I was unaware of this.

3. For more powerful and useful C library.
a) Fix all the stupid problems like strtok(), gets(), etc.

I have been saying this since quite a long time but nobody wants to
change anything.

Gcc has added strtok_r() and has a link time warning for use of gets(). I
wouldn't say that nobody wants to change anything -- its just that the
standards committee have their heads up their asses and has put far more weight
into the concerns of compiler vendors (who don't want customer support calls
wondering why they don't support gets() anymore) over the needs of actual
developers (who will benefit in the long run, if they are forced to not use
these stupid functions.)

b) More powerful heap API (freeall(), memsize(), sub-heaps,
totalAllocCount(), allAllocsIterate() etc).

Ditto.

I have working code for all of this -- the kind of difference it makes cannot
be underscored. Leaks and memory corruptions are tracked down far more
effectively -- and the performance gain of performing freeall()'s is pretty
incredible for some applications.

7. Create an API for making "virtual file" objects. I.e., memory
files, network streams, algorithmic fractal strings, etc. could
be fopen(*,"r")'ed, fread()'ed, etc.

This things should be done in a library. A low level language can be
improved with powerful libraries.

No. Some modules/libraries have been precanned to use FILE I/O as their only
interface (the official JPEG source library comes to mind.) I don't *WANT* to
change the JPEG library code -- I want to change the behaviour of file
functions underneath it, so I can feed it JPEG data from sources other than
files without changing any of their code (I don't want to maintain changes from
having hacked in everwhere where they have used a file function as the JPEG
group updates their code).

Think about it. This list is a set of *REAL* programming language
improvements, that are not really duplicated by any other language
(well ok, except for CPP improvements, which are duplicated with LISP
lambdas and MASM's preprocessor, of m4 or whatever). If you add these
things I don't see how anyone could *deny* that you were moving the
language forward in a significant way without just trying to be "me
too" with other languages.

Well "me too" is not intrinsically bad. Better to improve C than leave
it as it is now.

C++ already does this. Look, small incremental changes to languages have
always been rejected by the programming community. This is why Scheme has no
more adoption than Lisp, its why Objective-C never really took off, that's why
nobody cares about C99.
C is becoming obsolete, as FORTRAN did. Of course there are still places
where FORTRAN is good today, and it is still used.
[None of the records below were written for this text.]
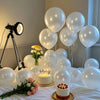 A display of pearl white latex balloons, including a cake and floral arrangement, set on a white cloth.
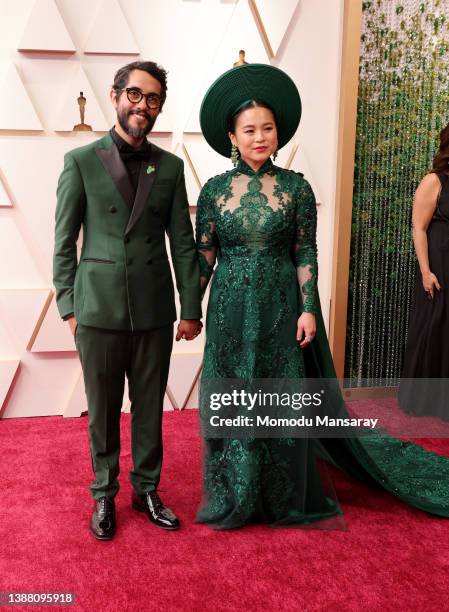 Guest and Kelly Marie Tran attend the 94th Annual Academy Awards at Hollywood and Highland on March 27, 2022 in Hollywood, California.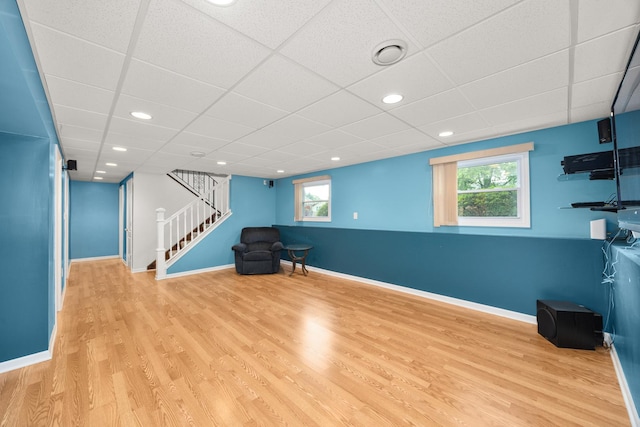 2110 Sanford Ave, New Lenox, IL 60451 - unfurnished room featuring stairway, wood finished floors, a paneled ceiling, plenty of natural light, and recessed lighting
Yes, thanks to the C standards committee! Look, we all have the C89 standard,
and compiler vendors aren't really moving from it. The C standard committee
has had nothing to offer us even with the myriad of remaining problems that are
in the language. Under the current standard, yes, C *will* become the next
COBOL. For the simple reason that no effort is being made to revitalize it.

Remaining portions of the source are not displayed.